Classical Hanafi doctrine holds that the capital punishment of the apostate serves mainly political aims. I quote two famous Hanafi jurists from Central Asia on this matter. The first is the eleventh-century Transoxanian jurist Sarakhsi, one of the major authorities of the Hanafi school. He says:
The change of religion and the original form of unbelief
belong to the most abominable of crimes. But [their judgment]
is a matter between God and his servant and the punishment
[of this crime] is postponed until the hereafter.
The measures advanced in this base world [and which thus
precede God's judgment] are matters of political expediency
[siyasat mashru'a] ordained by the law in order to protect
human interests" (Sarakhsi, n.d., vol. 10: 110).
In the same vein, the twelfth-century Hanafi jurist Marghinani, whose book al-Hidaya exerted a lasting influence on the Hanafi jurists of the Near East, states his position with the following words:
In principle, punishments are postponed to the hereafter
and the fact that they are advanced [so that they precede
the hereafter] violates the sense of probation [as the sense
of human life in this world]. One deviates from this principle
in order to defy a present evil and that is warfare
[against the Muslims] ('Ayni, vol. VI: 702-703). (2)
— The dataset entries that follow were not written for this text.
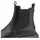 Marco Tozzi Damen Chelsea Boots mit Chunky-Sohle Modern, Schwarz (Black), 39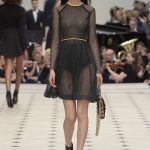Spring Latest Burberry Prorsum Collection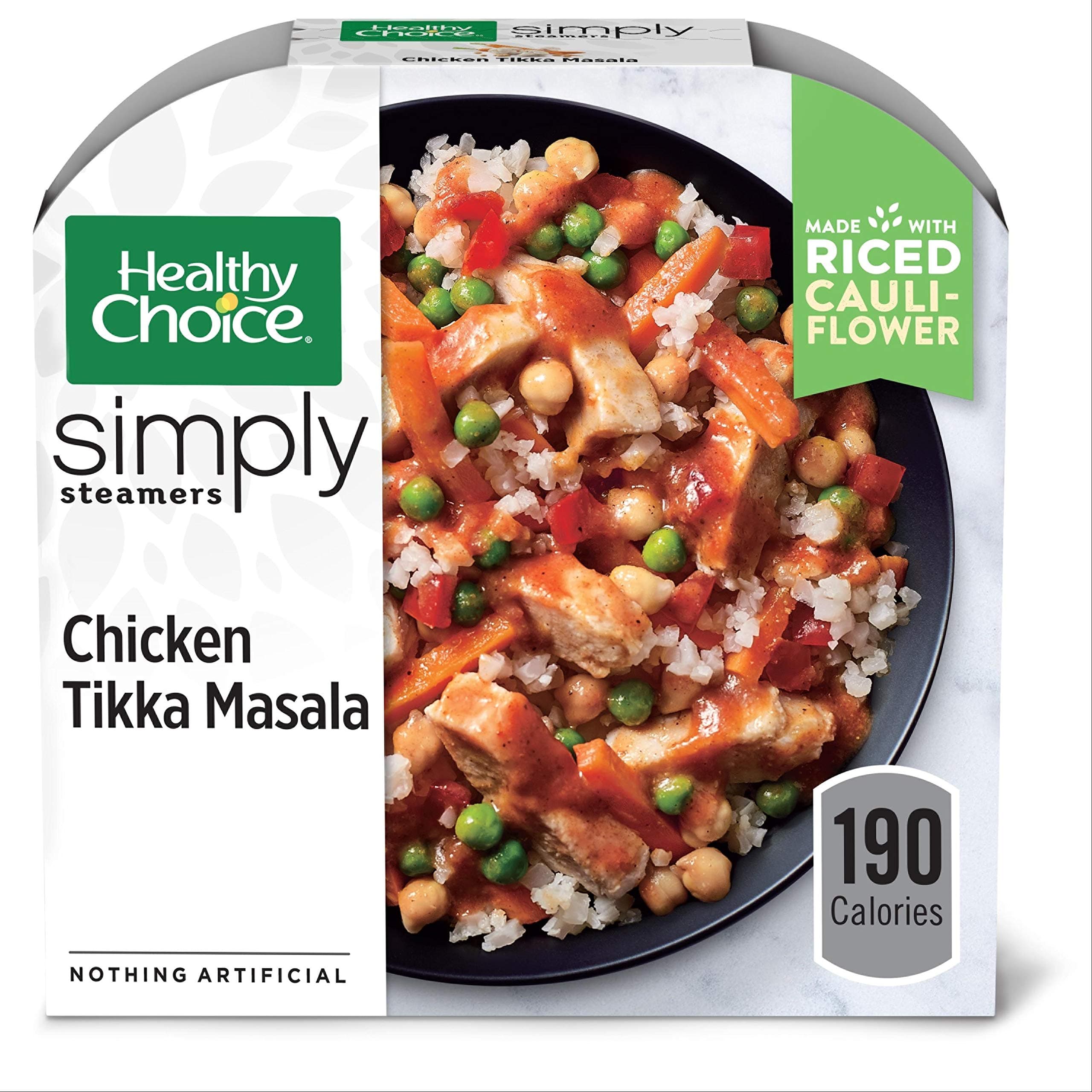 Chicken Tikka Masala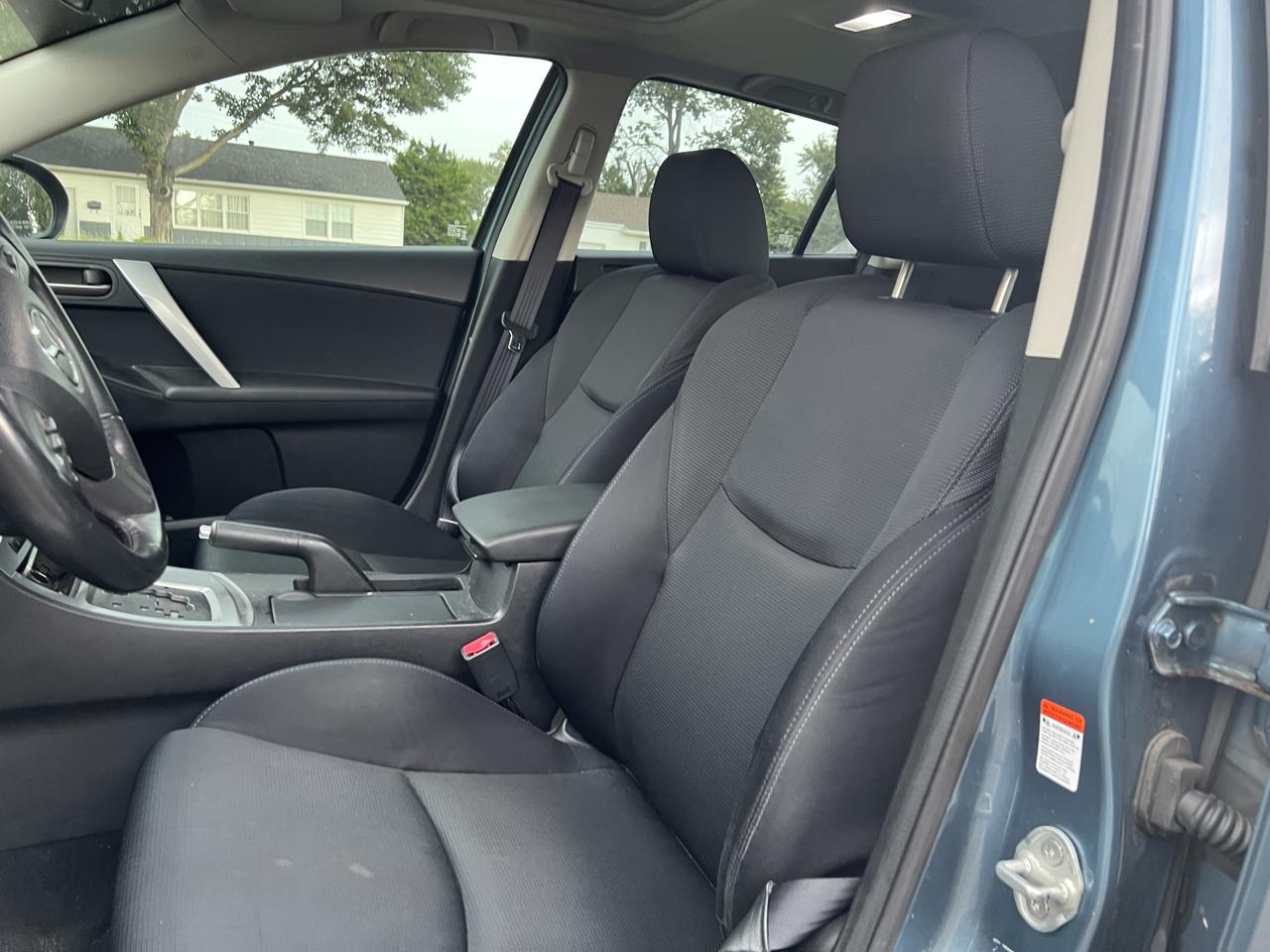 Mazda MAZDA3 5dr HB Auto s Sport 2010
Both authors argue that the apostate's punishment is not due to his belief but to the military and political danger that this belief may cause. They use this argument to show that women, even if they abandon Islam, should never be condemned to death because they are, according to Hanafi doctrine, physically not able to lead war on the Muslim community. The jurists conclude from this that capital punishment is not imposed for disbelief and apostasy but as a means to prevent the military and political dangers connected with it.
One could argue then, that Stalins aims were not different from those of the Hanafi jurists in this regard. In fact, come to think of it, Stalin is the kind of apostate that they referred to.